Thanks for the suggestion. I am already using my USB port for an external HD. Where do you plug yours into?


----------



## Rob Glasser (Feb 22, 2005)

This subject has been talked about quite a bit over the years in this forum. If you search for cooling or heat I'm sure you'll find a lot of suggestions on how to cool your 722. 

I used to use the USB Fan that Ken showed above but eventually switched to some super quiet fans I picked up online, and I now have fans blowing air into my entertainment center, fans blowing air across my 2 722's in the same enclosed cabinet, and then 2 more fans sucking air out of the top of my entertainment center. With the cabinet open the 722s are barely warm to the touch. With it closed the air temp never gets higher than the mid to upper 80's (before adding the fans that blow cool air in and suck hot air out temps would get into the 100's within 15 - 20 minutes of closing the cabinet door, when both 722s and my AVR were runnning (all same cabinet)


----------



## Ken Green (Oct 6, 2005)

insimbi said:


> Thanks for the suggestion. I am already using my USB port for an external HD. Where do you plug yours into?


There's a second USB port behind the front panel cover.


----------



## lujan (Feb 10, 2004)

Rob Glasser said:


> ...
> 
> I used to use the USB Fan that Ken showed above ...


Some of us display the posts from bottom to top with the latest showing on top so it would be "that Ken showed" below instead of "above".


----------



## Rob Glasser (Feb 22, 2005)

lujan said:


> Some of us display the posts from bottom to top with the latest showing on top so it would be "that Ken showed" below instead of "above".


I think our user base is smart enough to know what I meant.


----------



## lujan (Feb 10, 2004)

Rob Glasser said:


> I think our user base is smart enough to know what I meant.


You never know?


----------



## Tulsa1 (Oct 15, 2003)

insimbi said:


> Thanks for the suggestion. I am already using my USB port for an external HD. Where do you plug yours into?

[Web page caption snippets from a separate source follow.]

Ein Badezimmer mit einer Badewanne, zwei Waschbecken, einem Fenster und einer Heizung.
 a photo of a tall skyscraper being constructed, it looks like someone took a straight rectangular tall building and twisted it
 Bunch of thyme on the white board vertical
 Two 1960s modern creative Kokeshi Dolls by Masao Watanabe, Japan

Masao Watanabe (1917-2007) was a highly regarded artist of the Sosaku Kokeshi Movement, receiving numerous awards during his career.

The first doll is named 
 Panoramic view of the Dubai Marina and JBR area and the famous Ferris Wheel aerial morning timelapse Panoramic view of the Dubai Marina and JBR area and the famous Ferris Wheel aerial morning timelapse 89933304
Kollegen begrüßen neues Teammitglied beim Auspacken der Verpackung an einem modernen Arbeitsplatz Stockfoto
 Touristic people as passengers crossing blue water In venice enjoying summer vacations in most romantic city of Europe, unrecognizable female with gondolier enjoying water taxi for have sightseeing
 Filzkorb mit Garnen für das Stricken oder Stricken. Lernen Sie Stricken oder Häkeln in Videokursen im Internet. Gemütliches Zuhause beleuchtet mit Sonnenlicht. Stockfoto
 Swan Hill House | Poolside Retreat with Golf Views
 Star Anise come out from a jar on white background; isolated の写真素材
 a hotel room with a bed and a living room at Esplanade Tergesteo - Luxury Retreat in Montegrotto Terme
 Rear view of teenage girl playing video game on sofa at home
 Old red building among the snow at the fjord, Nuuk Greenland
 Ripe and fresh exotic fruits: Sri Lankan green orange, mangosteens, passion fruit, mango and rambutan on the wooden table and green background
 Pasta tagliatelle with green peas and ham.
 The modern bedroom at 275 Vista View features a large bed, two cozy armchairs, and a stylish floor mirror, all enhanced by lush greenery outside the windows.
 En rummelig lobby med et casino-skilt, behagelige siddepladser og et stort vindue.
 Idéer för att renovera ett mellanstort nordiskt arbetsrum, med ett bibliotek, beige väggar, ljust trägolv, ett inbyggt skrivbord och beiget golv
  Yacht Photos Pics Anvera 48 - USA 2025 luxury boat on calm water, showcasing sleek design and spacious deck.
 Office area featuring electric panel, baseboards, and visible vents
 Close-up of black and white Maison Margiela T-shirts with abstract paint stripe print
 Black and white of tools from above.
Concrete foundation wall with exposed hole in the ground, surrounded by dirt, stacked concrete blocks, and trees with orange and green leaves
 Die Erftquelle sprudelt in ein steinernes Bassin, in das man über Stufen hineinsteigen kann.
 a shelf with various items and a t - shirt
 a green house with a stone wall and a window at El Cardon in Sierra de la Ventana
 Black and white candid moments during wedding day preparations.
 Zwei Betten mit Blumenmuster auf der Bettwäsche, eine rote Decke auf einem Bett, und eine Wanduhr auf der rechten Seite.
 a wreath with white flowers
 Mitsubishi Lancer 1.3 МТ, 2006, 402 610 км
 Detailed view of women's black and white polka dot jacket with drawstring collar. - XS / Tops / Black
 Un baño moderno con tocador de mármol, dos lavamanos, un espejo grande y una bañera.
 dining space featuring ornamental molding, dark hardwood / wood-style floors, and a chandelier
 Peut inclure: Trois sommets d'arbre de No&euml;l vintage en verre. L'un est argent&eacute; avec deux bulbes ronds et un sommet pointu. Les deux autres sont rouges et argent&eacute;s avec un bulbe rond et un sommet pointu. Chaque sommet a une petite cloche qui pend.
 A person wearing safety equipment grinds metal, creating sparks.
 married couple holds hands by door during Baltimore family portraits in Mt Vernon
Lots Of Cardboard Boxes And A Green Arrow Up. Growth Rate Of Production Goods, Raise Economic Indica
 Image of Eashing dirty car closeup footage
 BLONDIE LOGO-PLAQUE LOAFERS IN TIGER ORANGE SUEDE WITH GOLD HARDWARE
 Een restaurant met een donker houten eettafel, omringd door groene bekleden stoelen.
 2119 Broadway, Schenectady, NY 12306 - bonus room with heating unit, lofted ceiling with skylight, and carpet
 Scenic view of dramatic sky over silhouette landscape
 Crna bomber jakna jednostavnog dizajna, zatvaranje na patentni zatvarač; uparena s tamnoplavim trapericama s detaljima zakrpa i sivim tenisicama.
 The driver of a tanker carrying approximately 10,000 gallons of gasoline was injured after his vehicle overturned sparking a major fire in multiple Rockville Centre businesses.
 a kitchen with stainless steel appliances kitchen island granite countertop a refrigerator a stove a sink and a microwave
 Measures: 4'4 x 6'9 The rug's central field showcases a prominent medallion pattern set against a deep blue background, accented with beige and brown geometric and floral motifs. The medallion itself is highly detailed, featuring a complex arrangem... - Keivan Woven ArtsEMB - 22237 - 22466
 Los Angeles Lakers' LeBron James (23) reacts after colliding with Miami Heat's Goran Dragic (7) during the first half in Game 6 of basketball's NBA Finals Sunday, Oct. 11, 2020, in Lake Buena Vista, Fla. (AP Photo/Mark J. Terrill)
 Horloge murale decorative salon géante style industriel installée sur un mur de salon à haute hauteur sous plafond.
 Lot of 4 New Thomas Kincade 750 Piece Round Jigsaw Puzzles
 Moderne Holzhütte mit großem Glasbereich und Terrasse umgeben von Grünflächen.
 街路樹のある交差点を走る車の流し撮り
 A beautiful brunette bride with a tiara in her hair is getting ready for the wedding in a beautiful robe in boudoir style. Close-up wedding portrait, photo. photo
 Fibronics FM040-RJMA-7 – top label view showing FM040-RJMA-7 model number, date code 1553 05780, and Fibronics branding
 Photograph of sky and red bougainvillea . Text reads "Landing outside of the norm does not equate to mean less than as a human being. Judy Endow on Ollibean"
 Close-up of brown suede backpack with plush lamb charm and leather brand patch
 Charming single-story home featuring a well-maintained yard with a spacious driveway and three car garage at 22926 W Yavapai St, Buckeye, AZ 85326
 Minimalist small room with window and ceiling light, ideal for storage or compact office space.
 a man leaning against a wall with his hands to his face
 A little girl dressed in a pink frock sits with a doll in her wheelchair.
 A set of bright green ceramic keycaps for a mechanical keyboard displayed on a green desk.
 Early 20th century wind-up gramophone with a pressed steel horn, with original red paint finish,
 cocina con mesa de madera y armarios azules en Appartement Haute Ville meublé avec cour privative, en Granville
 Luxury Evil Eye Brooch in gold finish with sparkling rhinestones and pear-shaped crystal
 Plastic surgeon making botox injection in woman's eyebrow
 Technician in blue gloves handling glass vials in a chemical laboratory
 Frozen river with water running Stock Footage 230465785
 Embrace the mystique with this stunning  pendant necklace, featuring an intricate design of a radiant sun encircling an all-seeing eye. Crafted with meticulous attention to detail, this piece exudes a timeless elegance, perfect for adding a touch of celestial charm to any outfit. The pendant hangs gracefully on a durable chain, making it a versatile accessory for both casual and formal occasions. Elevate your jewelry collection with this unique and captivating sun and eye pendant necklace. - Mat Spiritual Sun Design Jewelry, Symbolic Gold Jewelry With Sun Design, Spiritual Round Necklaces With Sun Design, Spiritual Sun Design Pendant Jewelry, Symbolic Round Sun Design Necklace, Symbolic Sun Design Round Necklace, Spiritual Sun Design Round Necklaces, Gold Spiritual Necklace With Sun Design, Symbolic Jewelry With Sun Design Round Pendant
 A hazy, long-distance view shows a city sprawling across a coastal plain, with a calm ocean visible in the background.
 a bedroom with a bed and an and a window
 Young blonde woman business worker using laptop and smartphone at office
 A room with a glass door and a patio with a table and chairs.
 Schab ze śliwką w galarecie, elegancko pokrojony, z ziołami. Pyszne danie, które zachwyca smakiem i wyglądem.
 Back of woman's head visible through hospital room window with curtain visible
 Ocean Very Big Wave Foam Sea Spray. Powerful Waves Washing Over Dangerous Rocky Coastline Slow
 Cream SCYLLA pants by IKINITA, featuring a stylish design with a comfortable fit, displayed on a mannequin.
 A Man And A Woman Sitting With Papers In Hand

I am using the same fan shown above with a cheap 2 port USB mini hub.
One for my EHD and one for the fan. 722 dropped 25 degF.
The 722 will not see the fan as a USB device so no problem.


----------



## elbodude (Jul 13, 2006)

insimbi said:


> I have a TV console with shelves on both sides (enclosed with sliding glass doors). I currently have to keep the glass door where the 722 is always open to get airflow in there and prevent overheating.
> 
> Is there anything I can do so that I can close the glass door without hurting the 722? Is there a small quiet fan I could install in there or would that not be sufficient enough? Any thoughts?


I also have mine behind glass. I use a USB powered laptop cooler under the DVR. It's similar to:

http://www.amazon.com/Antec-NOTEBOO...2?ie=UTF8&s=electronics&qid=1201212272&sr=8-2


----------



## insimbi (Jun 2, 2006)

Thanks for the suggestions guys. I am actually leaning towards this fan:

http://www.hometheatercooling.com/









It plugs into a normal outlet instead of USB and is very quiet supposedly. If I were to get this, I should put it towards the rear of the 722 so it blows out the back of the entertainment center then?


----------



## Ken Green (Oct 6, 2005)

insimbi said:


> It plugs into a normal outlet instead of USB and is very quiet supposedly. If I were to get this, I should put it towards the rear of the 722 so it blows out the back of the entertainment center then?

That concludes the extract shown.